AI for prediction of usage pattern for a car sharing service
Reference number | |
Coordinator | Swedspot AB |
Funding from Vinnova | SEK 458 867 |
Project duration | April 2020 - April 2021 |
Status | Completed |
Venture | AI - Competence, ability and application |
Call | Start your AI-journey! For businesses |
Important results from the project
The aim of the project was to identify how AI-based data analysis can be used on existing data from our car sharing service. This goal has been met by the project.
Expected long term effects
The regression problem using LSTM gave reasonable results (similar to what a human had predicted), but they differed from the real trips. This is most likely a problem with randomness in the data.
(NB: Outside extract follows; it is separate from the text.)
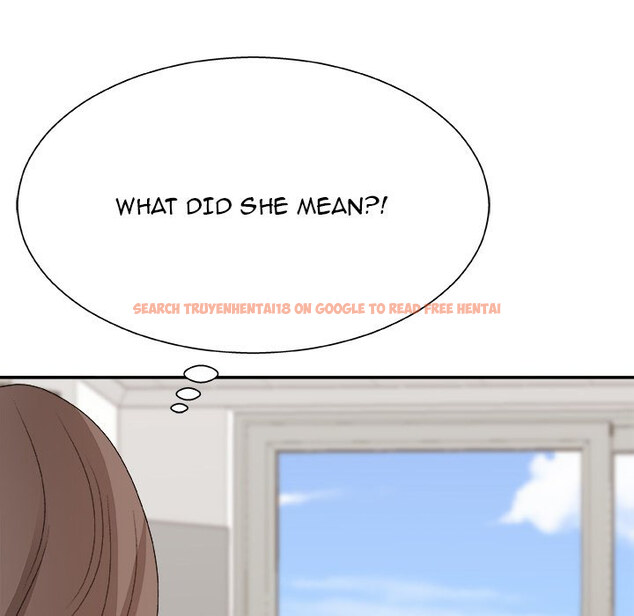Read Hentai Image 40 068 in comic Miss Announcer - Chapter 57 - hentaitnt.net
When the prediction of trips was changed to a simpler problem where the end positions were clustered together w.r.t geographical position, the correlations could be predicted. The larger classes were predicted correctly to a high extent while the network had more problems with the smaller classes. The binary prediction on simulated data succeeded in predicting the relationships we simulated.
Approach and implementation
The algorithms were implemented and evaluated using Kera´s library. Throughout the project, a literature study has been done. The regression problem using LSTM was evaluated using different metrics for regression problems, as well as by plotting the positions on a map. The prediction of the end positions as a classification problem was evaluated by studying the confusion matrix. The prediction of the simulated data was studied by visualizing the predicted outcome depending on the parameter.